Solo – Para pelaku koperasi di Indonesia menyampaikan masukan dan aspirasi untuk menyempurnakan draf UU Perkoperasian yang baru pengganti UU Nomor 25/1992 tentang Koperasi yang dianggap sudah tidak relevan lagi dengan kemajuan zaman sekarang ini.
Ketua KSP Kopdit Esthi Manunggal Alexander Daryanto menyampaikan harapan dengan adanya UU yang baru maka koperasi bisa tertata lebih baik lagi. Misalnya saja koperasi papan nama bisa benar-benar ditertibkan.

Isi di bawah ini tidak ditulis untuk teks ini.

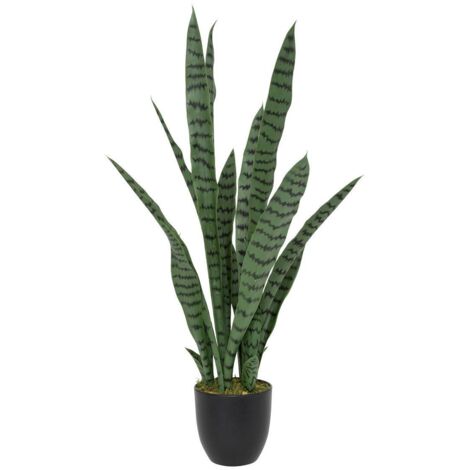 Kunstpflanze Sansevieria Toby Pot schwarz H90cm - Atmosphera créateur d'intérieur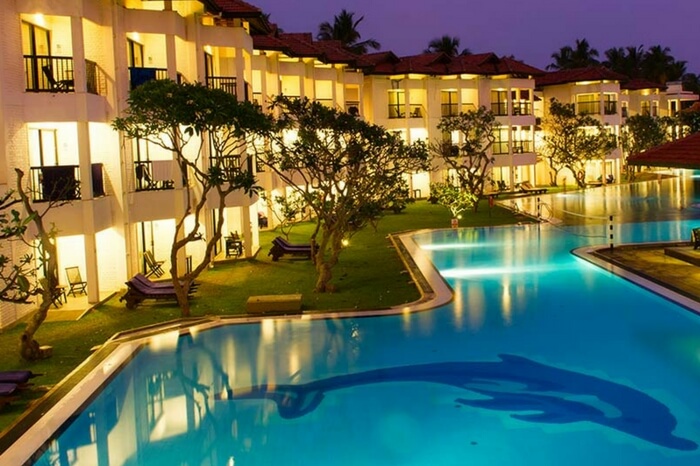 Glittering view of Club hotel dolphin in Negombo in Sri Lanka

“Dan bagi koperasi yang benar-benar konsekuen menjalankan prinsip koperasi, bisa lebih eksis lagi dalam melayani kebutuhan masyarakat,” kata Alexander, pada acara Pengumpulan Aspirasi dan Sosialisasi Rancangan Undang-Undang (RUU) Perkoperasian, di Surakarta, Jawa Tengah, Rabu (31/8).
Menurut Alexander, yang harus diperkuat, selain terkait kelembagaan koperasi, juga menyangkut investasi. Dimana KSP Kopdit Esthi Manunggal yang berdiri pada 2001 dan beranggotakan sekitar 3.500 orang, memiliki permodalan 80 persen dari luar (anggota koperasi), bukan dari lembaganya.
“Saya berharap UU Perkoperasian yang baru mampu mengatur modal dari lembaga, sehingga koperasi semakin kuat. Jadi, kalau ada permasalahan modal, bisa mengatasi dengan baik,” kata Alexander.
Dalam arti, ia berharap besaran penyertaan modal tersebut diatur secara jelas dalam UU. “Saya meyakini, dengan adanya payung hukum yang baru ini, langkah koperasi semakin mantap dalam perekonomian nasional,” kata Alexander.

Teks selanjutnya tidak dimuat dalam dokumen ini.